= WORK REQUIRED =
What lines of the listing below contain the word "design"? Copy each of them out.

= THE DATA =
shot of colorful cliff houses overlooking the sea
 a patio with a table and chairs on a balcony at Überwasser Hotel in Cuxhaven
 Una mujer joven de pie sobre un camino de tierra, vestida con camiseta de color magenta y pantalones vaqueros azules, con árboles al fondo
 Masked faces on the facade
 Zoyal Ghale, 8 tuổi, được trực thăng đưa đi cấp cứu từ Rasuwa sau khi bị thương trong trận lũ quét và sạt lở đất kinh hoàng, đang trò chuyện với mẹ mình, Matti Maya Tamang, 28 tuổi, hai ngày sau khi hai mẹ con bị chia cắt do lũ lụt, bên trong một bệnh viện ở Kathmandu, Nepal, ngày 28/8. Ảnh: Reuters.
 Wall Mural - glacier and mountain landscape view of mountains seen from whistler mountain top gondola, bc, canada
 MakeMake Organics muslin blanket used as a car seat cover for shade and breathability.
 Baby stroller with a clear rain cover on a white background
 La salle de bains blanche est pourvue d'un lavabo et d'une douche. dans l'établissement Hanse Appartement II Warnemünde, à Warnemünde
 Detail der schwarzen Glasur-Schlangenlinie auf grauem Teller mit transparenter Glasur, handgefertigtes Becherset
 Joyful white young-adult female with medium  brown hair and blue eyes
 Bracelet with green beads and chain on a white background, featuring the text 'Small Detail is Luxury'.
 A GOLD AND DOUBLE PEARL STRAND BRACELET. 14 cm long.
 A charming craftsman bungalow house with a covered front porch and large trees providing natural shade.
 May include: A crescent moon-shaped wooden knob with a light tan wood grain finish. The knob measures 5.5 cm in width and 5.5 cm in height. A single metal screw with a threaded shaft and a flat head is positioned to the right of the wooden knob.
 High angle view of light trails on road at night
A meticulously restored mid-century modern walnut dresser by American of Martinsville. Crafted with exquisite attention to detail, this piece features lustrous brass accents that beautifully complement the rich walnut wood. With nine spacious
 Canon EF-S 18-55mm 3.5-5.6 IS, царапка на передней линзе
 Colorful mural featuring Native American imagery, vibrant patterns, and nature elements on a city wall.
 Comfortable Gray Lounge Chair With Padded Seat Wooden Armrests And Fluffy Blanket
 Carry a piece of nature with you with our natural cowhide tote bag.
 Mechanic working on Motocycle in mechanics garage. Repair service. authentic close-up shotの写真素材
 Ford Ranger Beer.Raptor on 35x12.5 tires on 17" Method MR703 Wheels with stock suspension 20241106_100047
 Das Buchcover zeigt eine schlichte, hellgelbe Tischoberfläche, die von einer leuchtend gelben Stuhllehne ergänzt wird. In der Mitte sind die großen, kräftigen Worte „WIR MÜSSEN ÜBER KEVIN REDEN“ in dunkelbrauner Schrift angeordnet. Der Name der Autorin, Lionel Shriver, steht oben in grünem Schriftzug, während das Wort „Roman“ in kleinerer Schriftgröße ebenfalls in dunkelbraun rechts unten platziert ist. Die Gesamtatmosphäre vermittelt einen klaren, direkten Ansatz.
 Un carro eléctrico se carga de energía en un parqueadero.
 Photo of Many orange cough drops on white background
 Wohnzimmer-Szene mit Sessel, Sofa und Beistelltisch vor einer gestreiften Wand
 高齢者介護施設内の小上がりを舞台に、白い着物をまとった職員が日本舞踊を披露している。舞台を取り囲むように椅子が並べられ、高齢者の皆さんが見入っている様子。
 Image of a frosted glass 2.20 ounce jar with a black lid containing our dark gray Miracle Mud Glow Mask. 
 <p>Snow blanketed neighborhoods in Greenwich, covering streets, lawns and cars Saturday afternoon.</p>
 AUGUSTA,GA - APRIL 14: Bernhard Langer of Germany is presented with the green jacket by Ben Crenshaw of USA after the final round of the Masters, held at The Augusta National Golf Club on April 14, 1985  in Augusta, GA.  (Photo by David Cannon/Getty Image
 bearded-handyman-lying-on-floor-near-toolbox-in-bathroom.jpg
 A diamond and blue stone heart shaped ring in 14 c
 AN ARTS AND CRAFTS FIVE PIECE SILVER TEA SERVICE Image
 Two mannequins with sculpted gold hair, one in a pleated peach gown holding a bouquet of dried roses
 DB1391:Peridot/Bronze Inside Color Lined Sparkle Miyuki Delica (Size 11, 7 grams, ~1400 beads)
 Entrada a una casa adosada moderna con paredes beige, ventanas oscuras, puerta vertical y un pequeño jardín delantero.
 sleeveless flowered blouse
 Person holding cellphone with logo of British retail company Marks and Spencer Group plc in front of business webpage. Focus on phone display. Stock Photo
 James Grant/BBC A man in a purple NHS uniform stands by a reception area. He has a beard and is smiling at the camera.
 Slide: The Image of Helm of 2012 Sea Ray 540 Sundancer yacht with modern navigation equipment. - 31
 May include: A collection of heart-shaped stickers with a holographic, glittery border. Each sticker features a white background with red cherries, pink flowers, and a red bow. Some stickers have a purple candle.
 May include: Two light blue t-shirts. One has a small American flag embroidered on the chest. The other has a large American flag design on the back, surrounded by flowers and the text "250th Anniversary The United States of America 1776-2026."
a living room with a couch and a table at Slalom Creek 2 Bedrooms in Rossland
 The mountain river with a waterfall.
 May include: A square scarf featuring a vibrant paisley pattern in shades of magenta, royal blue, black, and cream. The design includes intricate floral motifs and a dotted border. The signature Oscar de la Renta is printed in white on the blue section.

= EXPECTED OUTPUT =
 May include: Two light blue t-shirts. One has a small American flag embroidered on the chest. The other has a large American flag design on the back, surrounded by flowers and the text "250th Anniversary The United States of America 1776-2026."
 May include: A square scarf featuring a vibrant paisley pattern in shades of magenta, royal blue, black, and cream. The design includes intricate floral motifs and a dotted border. The signature Oscar de la Renta is printed in white on the blue section.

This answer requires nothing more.